Work instructions >> Would you return exactly the lines below from the line with "What you do" through the line with "Meiosis: homologous chromosome", both included, and nothing else, leaving out the pictures?

Source information >>
■ ■ ■

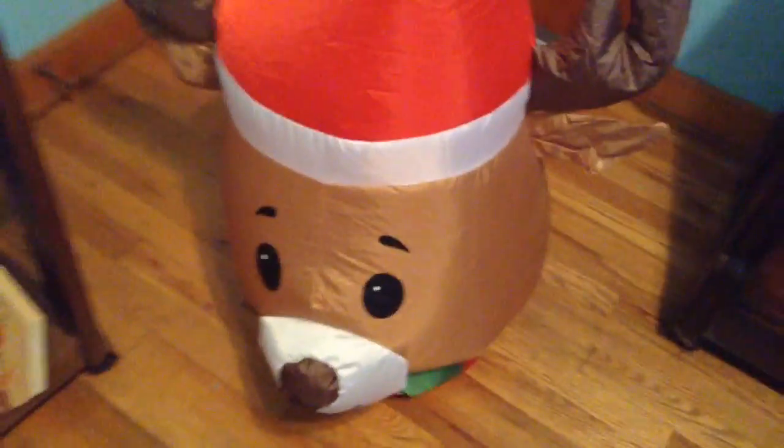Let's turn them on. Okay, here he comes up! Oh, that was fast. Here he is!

■ ■ ■

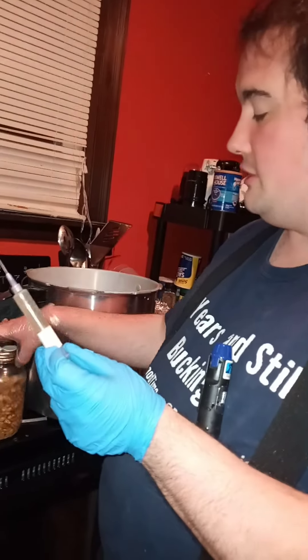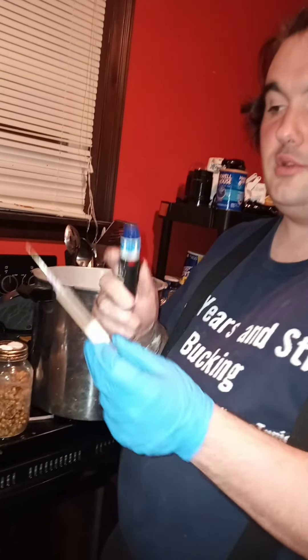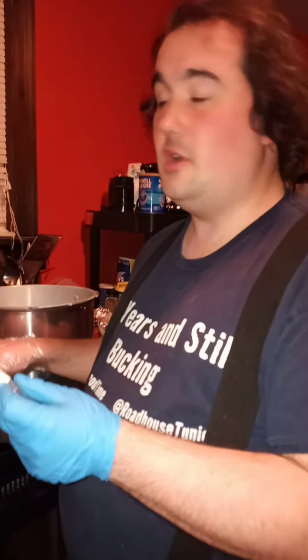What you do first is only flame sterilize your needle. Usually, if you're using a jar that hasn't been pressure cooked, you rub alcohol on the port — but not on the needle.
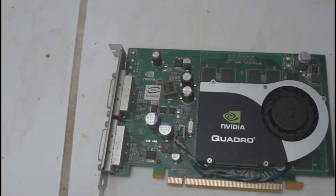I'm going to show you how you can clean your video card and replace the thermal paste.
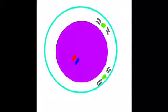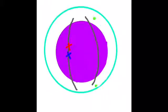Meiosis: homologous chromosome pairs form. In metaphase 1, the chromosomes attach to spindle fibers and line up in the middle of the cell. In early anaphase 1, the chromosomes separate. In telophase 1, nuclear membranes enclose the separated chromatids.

■ ■ ■

Output below >>
What you do first is only flame sterilize your needle. Usually, if you're using a jar that hasn't been pressure cooked, you rub alcohol on the port — but not on the needle.
I'm going to show you how you can clean your video card and replace the thermal paste.
Meiosis: homologous chromosome pairs form. In metaphase 1, the chromosomes attach to spindle fibers and line up in the middle of the cell. In early anaphase 1, the chromosomes separate. In telophase 1, nuclear membranes enclose the separated chromatids.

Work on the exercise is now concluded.